I don't follow this. Why would we want to override the generic logic and extend live ranges? If the LRE checks that it doesn't extend the live range, why not just remove the generic check?

It does not extend live ranges, I have added a test for it. The comment is likely just obsolete. But then if I simply remove the check from the generic implementation a lot of tests in other targets start to fail. These must have their own restrictions which do not apply to us. For instance our restriction will be to avoid tied-defs and would have to go into generic logic then.

I don't follow this. Why would we want to override the generic logic and extend live ranges? If the LRE checks that it doesn't extend the live range, why not just remove the generic check?

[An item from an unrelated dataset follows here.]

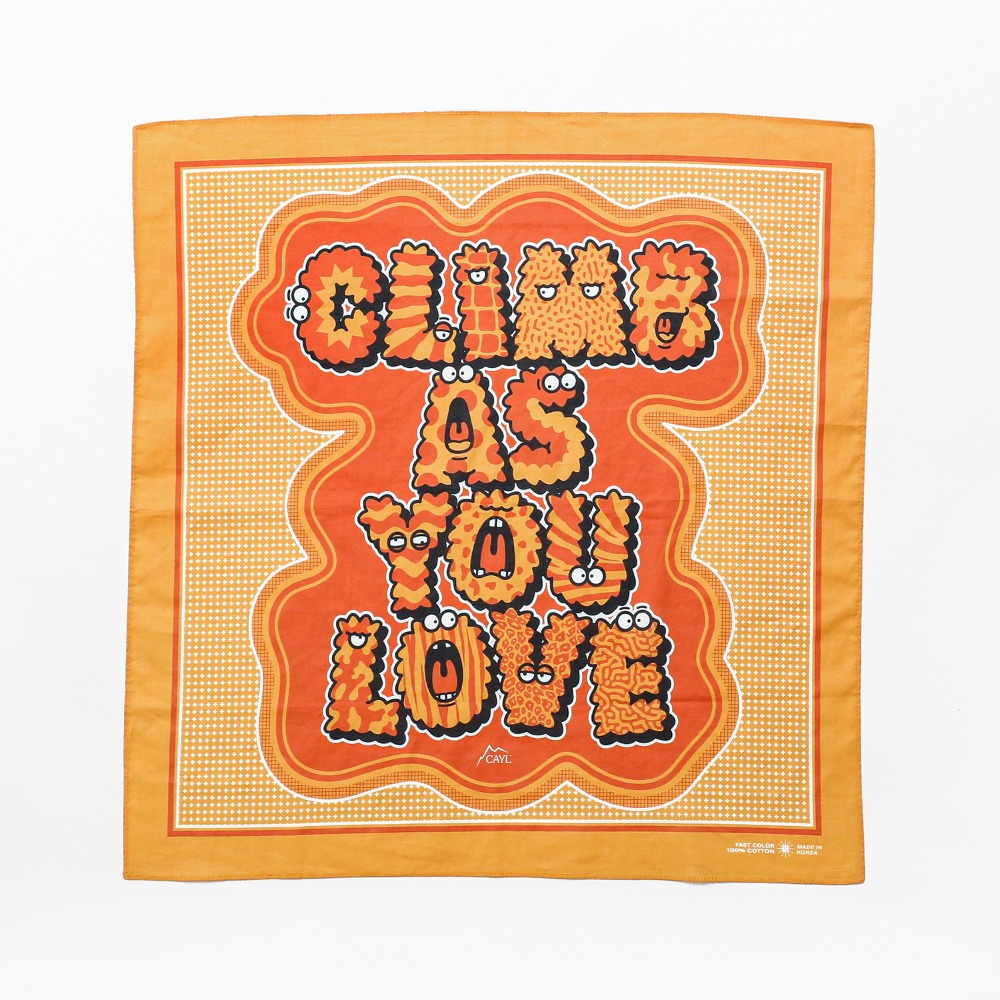 &#039;climb as you love&#039; bandana / orange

It does not extend live ranges, I have added a test for it. The comment is likely just obsolete. But then if I simply remove the check from the generic implementation a lot of tests in other targets start to fail. These must have their own restrictions which do not apply to us.

This could also just mean code improvements. You can't just assume these are incorrect changes without looking. I don't see much special going on in the other target implementations

I don't follow this. Why would we want to override the generic logic and extend live ranges? If the LRE checks that it doesn't extend the live range, why not just remove the generic check?

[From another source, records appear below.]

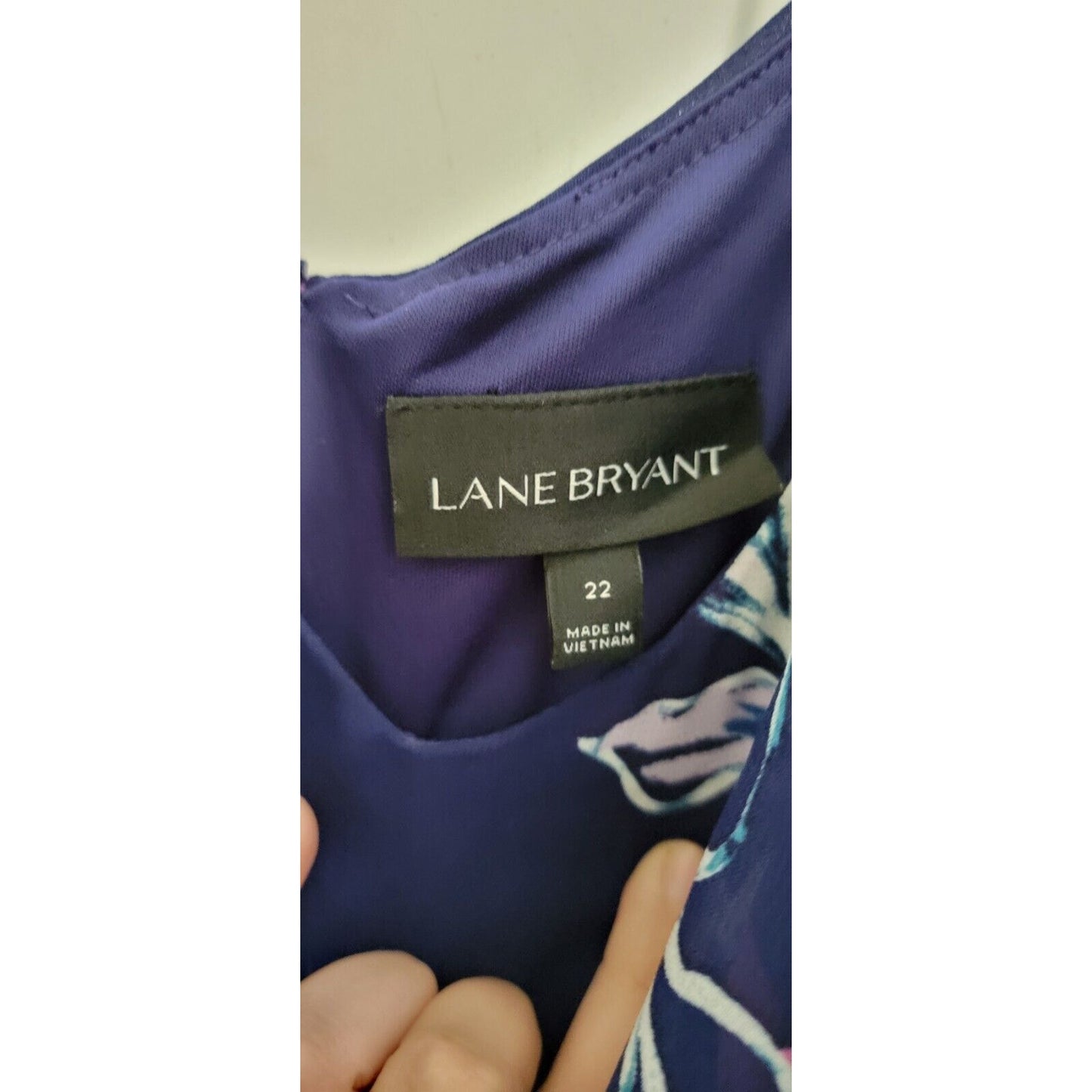 LANE BRYANT Floral Flutter Midi Dress Size 22 Chiffon Navy Blue Cocktail Wedding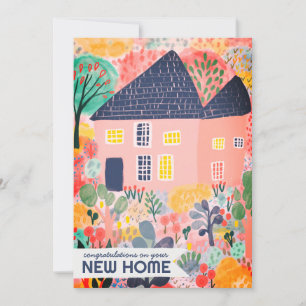Carte Félicitations New Home Jardin Aquarelle Cute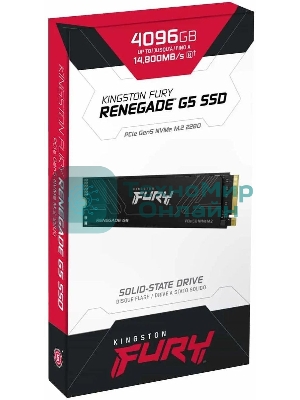 Накопитель SSD Kingston Fury Renegade, 4096Gb, M.2(22x80мм), NVMe, PCIe 5.0 x4, 3D TLC, R/W 14800/14000MB/s, IOPs 2 200 000/2 200 000, TbW 4000, DWPD 0.5 (12 мес)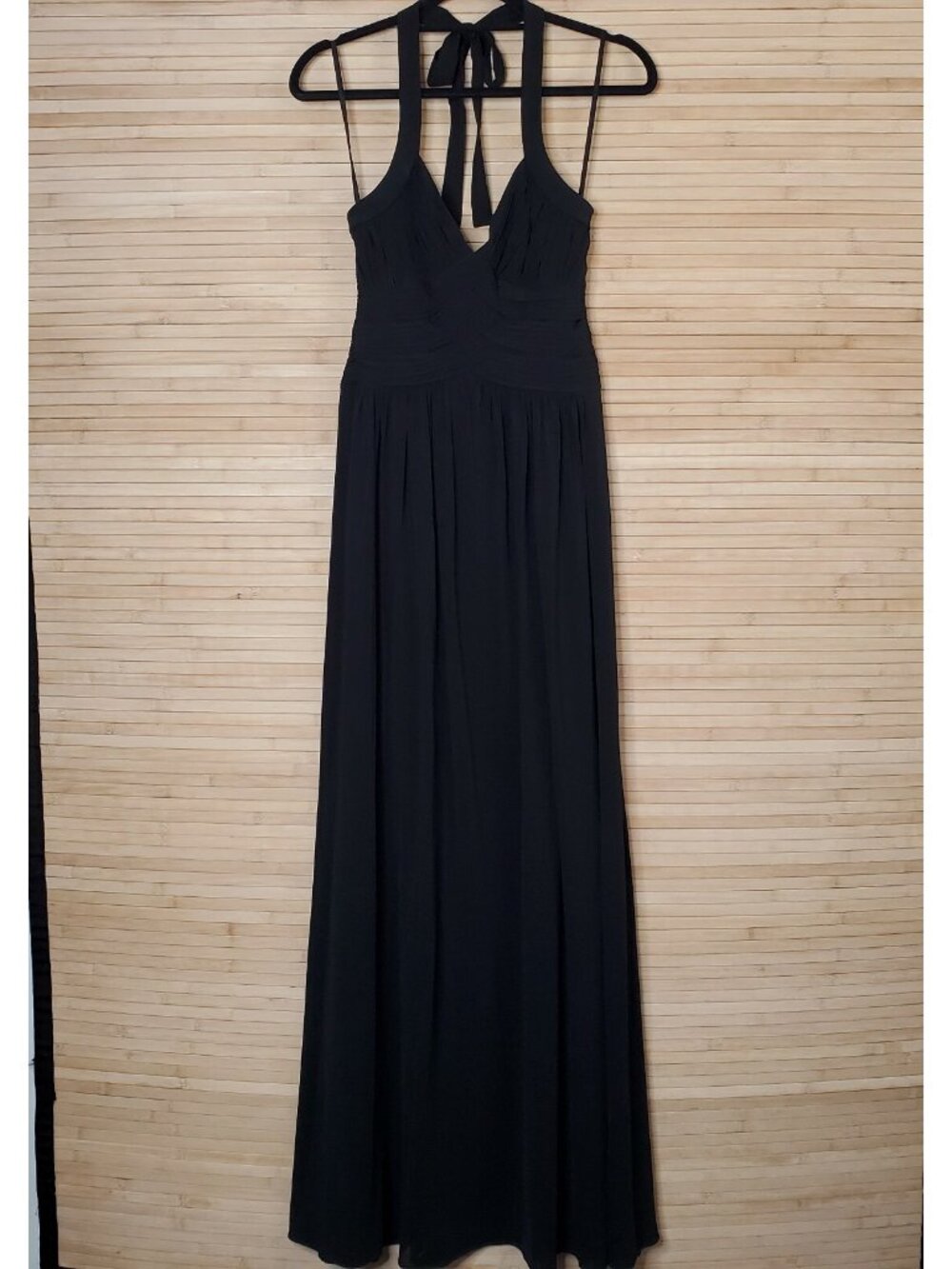NWT BCBG Maxazria Striking Long Cocktail Dress Black Size S Formal ruched gown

It does not extend live ranges, I have added a test for it. The comment is likely just obsolete. But then if I simply remove the check from the generic implementation a lot of tests in other targets start to fail. These must have their own restrictions which do not apply to us.

This could also just mean code improvements. You can't just assume these are incorrect changes without looking. I don't see much special going on in the other target implementations

Using vreg without a def is not an improvement, just as other sorts of failed verification.

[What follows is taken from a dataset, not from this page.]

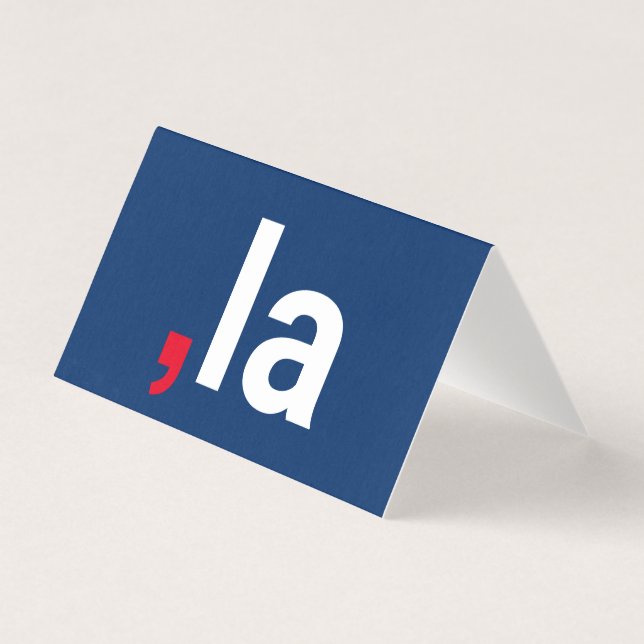 Comma La kamala funny pronunciation blue card (Front)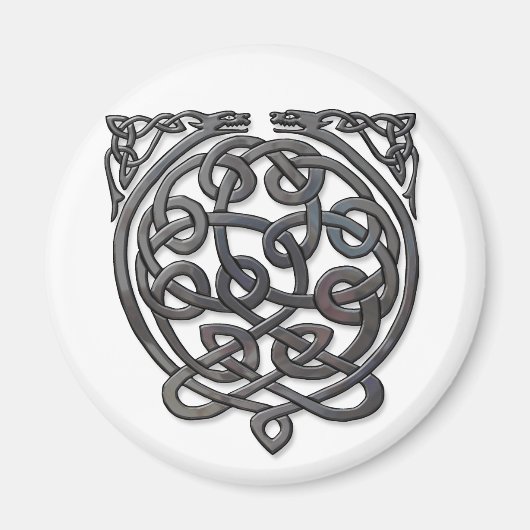 Celtic Knot Dragons - Black Chrome Magnet (Vorne)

I don't follow this. Why would we want to override the generic logic and extend live ranges? If the LRE checks that it doesn't extend the live range, why not just remove the generic check?

It does not extend live ranges, I have added a test for it. The comment is likely just obsolete. But then if I simply remove the check from the generic implementation a lot of tests in other targets start to fail. These must have their own restrictions which do not apply to us.

This could also just mean code improvements. You can't just assume these are incorrect changes without looking. I don't see much special going on in the other target implementations

Using vreg without a def is not an improvement, just as other sorts of failed verification.

This could also mean we just don't have a test that hits this. I think it would be worth looking into these failures to see if this really is conceptually correct

I don't follow this. Why would we want to override the generic logic and extend live ranges? If the LRE checks that it doesn't extend the live range, why not just remove the generic check?

It does not extend live ranges, I have added a test for it. The comment is likely just obsolete. But then if I simply remove the check from the generic implementation a lot of tests in other targets start to fail. These must have their own restrictions which do not apply to us.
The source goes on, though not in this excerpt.